Celer.my.id – Mengonsumsi gula berlebihan bisa memberi rasa manis seketika, tapi efeknya bagi tubuh bisa serius jika dilakukan secara terus-menerus.
Banyak makanan dan minuman sehari-hari mengandung gula tambahan yang kadang tidak disadari oleh banyak orang.
Tubuh yang sering menerima gula dalam jumlah besar akan memprosesnya menjadi glukosa dan fruktosa yang kemudian digunakan sebagai energi atau disimpan sebagai lemak.
Namun jika jumlahnya terlalu banyak, kerja organ seperti hati dapat terganggu karena harus memproses kelebihan gula tersebut.
Salah satu risiko utama dari terlalu banyak gula adalah peningkatan berat badan dan obesitas karena kalori ekstra yang tidak terbakar akan berubah menjadi lemak tubuh.
Kondisi ini kemudian meningkatkan kemungkinan gangguan metabolik seperti resistensi insulin.
Risiko lain yang tidak kalah serius adalah diabetes tipe 2, di mana tubuh kesulitan mengatur kadar gula darah secara efektif.
Semakin sering kita mengonsumsi gula dalam jumlah besar, semakin besar kemungkinan tubuh mengalami gangguan toleransi glukosa.
Rutin mengonsumsi minuman manis, soda, dan makanan olahan juga bisa memicu peningkatan kadar trigliserida dan kolesterol jahat, yang merupakan faktor risiko penyakit jantung.

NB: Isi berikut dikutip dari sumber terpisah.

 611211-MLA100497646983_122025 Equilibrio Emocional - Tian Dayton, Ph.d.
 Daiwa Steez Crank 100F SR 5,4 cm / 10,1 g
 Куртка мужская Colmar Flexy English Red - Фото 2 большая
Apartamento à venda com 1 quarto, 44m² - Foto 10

Tidak hanya itu, konsumsi gula berlebih juga bisa berdampak pada kesehatan gigi, karena gula menjadi makanan bagi bakteri yang menyebabkan kerusakan enamel dan gigi berlubang.
Anak-anak dan remaja juga rentan terhadap efek buruk gula berlebihan karena pola makan mereka sering dipenuhi makanan manis saat bermain atau bersantai.

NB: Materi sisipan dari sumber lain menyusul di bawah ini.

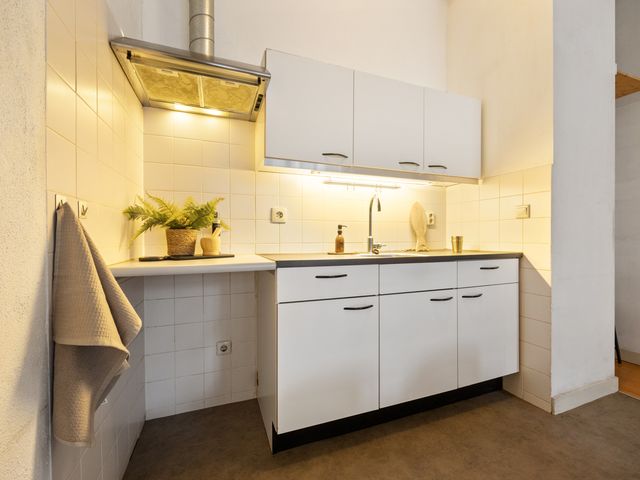 Schiekade 93C, Rotterdam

Hal ini bisa mengubah kebiasaan makan jangka panjang yang tidak sehat jika tidak dikontrol.
Untuk mencegah efek negatif ini, ahli kesehatan menyarankan mengurangi konsumsi gula tambahan seperti sirup, gula pasir, dan pemanis buatan dalam makanan atau minuman.
Menggantikan soda dan minuman manis dengan air putih, teh tanpa gula, atau infused water bisa menjadi langkah awal yang baik untuk menurunkan asupan gula.

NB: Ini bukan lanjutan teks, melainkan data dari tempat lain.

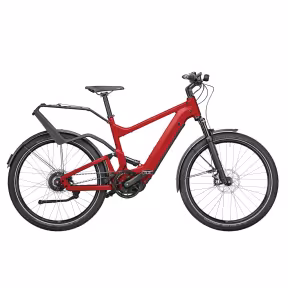 Riese & Müller Delite Gt Vario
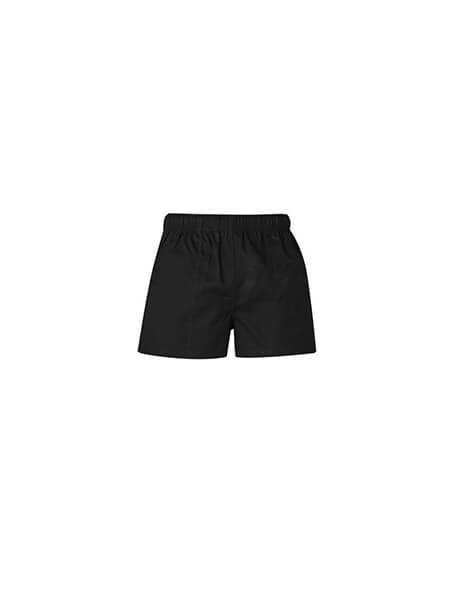Syzmik Mens Rugby Short (ZS105)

Disisi lain, membaca label nutrisi pada kemasan makanan membantu kita memahami kandungan gula yang tersembunyi dalam produk olahan.
Membatasi konsumsi makanan cepat saji atau camilan tinggi gula juga dapat membantu menjaga berat badan dan kadar gula darah tetap stabil.
Perubahan kecil seperti mengurangi gula dalam minuman favorit sedikit demi sedikit juga bisa memberi dampak positif jangka panjang.
Mengganti gula dengan buah utuh sebagai pemanis alami juga bisa membantu memberi rasa manis tanpa lonjakan gula darah drastis.
Pola makan yang seimbang dengan lebih banyak sayur, protein, dan serat membantu tubuh memproses gula secara lebih stabil tanpa lonjakan tiba-tiba.